Without this, the decline will continue — quietly, steadily, and irreversibly.

  1. Business Rates: The Final Straw for Many

The new “Tiered Multiplier” system is welcome. But the 2026 revaluation risks becoming a mass extinction event for independents in tourist areas. Rateable Values in ‘desirable’ South West locations — based on 2024 trading conditions that no longer exist — are forcing huge increases on businesses that are already exhausted.

These are not ‘prime assets’, they are people’s lives and homes.

Requested Action

A Regional Transitional Relief Cap: no independent operator should face more than a 5 per cent increase per year.

Levels have gone from 75 per cent discount to 40 per cent for hospitality, a fix of five years at 50 per cent would allow for planning and stability in the sector and allow business owners to plan better financially. 

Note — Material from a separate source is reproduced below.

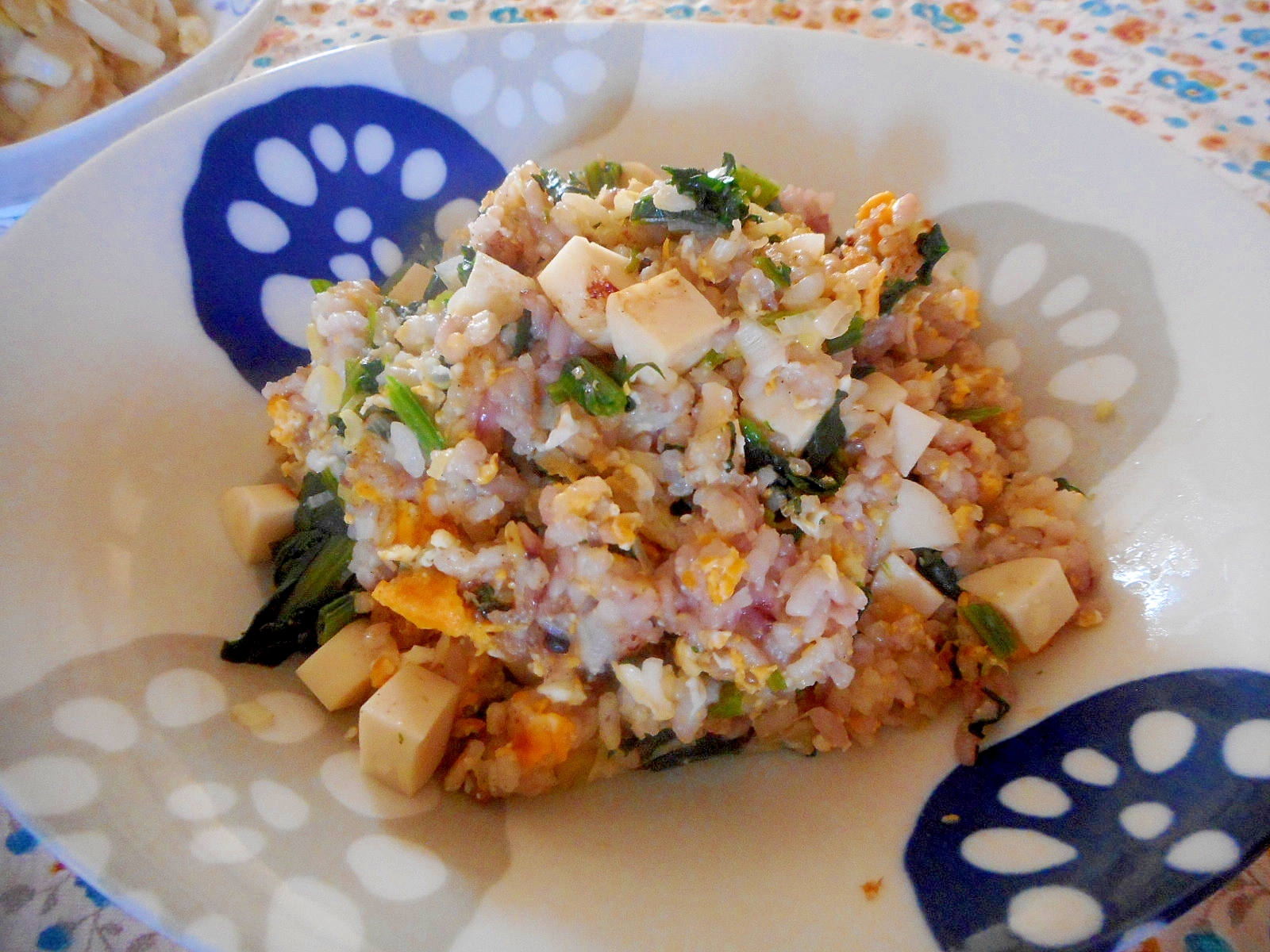 ギョニソとほうれん草のチャーハン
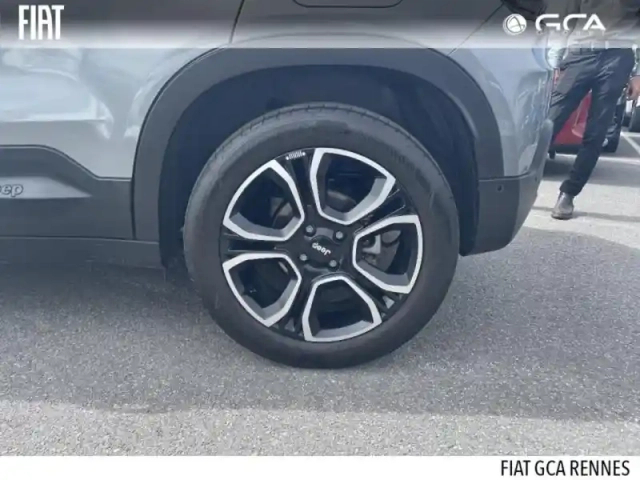 Jeep Avenger electrique 156ch 115kw 1st edition — photo 4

  1. Minimum Wage and Productivity: The Only Sustainable Path

The National Living Wage increase to £12.71 (and £10.85 for 18–20s) is morally understandable — but economically explosive for a region with a young workforce and highly seasonal demand.

This is not being funded by shareholders. It is being funded by owners not paying themselves, families burning through savings, deferred maintenance or closure

Requested Action

A temporary freeze on further wage increases for 16–20 year olds

A shift in policy focus toward supporting businesses that employ and train young people properly — building real-world skills, confidence, and work ethic

Do not force employers to replace young people with technology, automation, or shortcuts.

Give young people purpose, not redundancy.

This approach allows small teams to survive without destroying service quality — and without destroying the people who run them.

The Core Truth

Independent hospitality is not just a sector.

It is social infrastructure. It trains young people, sustains families, anchors towns and villages and gives Britain its character

Right now, policy is breaking it faster than it can heal.

If this continues, we will not just lose businesses. We will lose family homes, careers, communities and an entire generation’s first step into work

A Final Appeal

Hospitality is currently the third largest employer in the UK, supporting around 3.5 million jobs when direct and indirect employment is included.

The decisions made in the coming months will affect millions of real people — not statistics. We are not asking for handouts, we are simply asking to give us HOPE. Small changes to all the above policies would give the industry just this.

You are elected by the people of these towns and communities.

And right now, we need you more than ever to fight not only for us, but for the future of the entire industry.

These words are being echoed by thousands of independent business owners across the country. nThey deserve to be heard.

Now is the time to act. We are standing together, speaking out, and asking — sincerely — for your support to work with us, not against us.